# Task to carry out
Please return the records below exactly as they stand.

# Input material

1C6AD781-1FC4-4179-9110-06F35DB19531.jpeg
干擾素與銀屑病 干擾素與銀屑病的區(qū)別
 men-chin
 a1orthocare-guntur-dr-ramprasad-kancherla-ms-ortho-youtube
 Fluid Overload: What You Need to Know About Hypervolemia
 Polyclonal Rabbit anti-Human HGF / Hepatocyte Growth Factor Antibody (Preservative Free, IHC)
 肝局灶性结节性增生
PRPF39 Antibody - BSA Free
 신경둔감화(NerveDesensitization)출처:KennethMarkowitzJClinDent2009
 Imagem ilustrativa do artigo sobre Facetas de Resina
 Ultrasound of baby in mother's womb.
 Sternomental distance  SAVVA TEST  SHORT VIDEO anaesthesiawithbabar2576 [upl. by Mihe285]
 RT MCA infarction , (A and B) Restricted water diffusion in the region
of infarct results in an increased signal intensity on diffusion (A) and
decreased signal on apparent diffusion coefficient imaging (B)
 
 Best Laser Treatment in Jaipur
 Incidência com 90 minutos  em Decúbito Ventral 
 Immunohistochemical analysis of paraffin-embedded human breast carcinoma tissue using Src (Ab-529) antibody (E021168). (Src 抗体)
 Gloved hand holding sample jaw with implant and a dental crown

# Written solution
1C6AD781-1FC4-4179-9110-06F35DB19531.jpeg
干擾素與銀屑病 干擾素與銀屑病的區(qū)別
 men-chin
 a1orthocare-guntur-dr-ramprasad-kancherla-ms-ortho-youtube
 Fluid Overload: What You Need to Know About Hypervolemia
 Polyclonal Rabbit anti-Human HGF / Hepatocyte Growth Factor Antibody (Preservative Free, IHC)
 肝局灶性结节性增生
PRPF39 Antibody - BSA Free
 신경둔감화(NerveDesensitization)출처:KennethMarkowitzJClinDent2009
 Imagem ilustrativa do artigo sobre Facetas de Resina
 Ultrasound of baby in mother's womb.
 Sternomental distance  SAVVA TEST  SHORT VIDEO anaesthesiawithbabar2576 [upl. by Mihe285]
 RT MCA infarction , (A and B) Restricted water diffusion in the region
of infarct results in an increased signal intensity on diffusion (A) and
decreased signal on apparent diffusion coefficient imaging (B)
 
 Best Laser Treatment in Jaipur
 Incidência com 90 minutos  em Decúbito Ventral 
 Immunohistochemical analysis of paraffin-embedded human breast carcinoma tissue using Src (Ab-529) antibody (E021168). (Src 抗体)
 Gloved hand holding sample jaw with implant and a dental crown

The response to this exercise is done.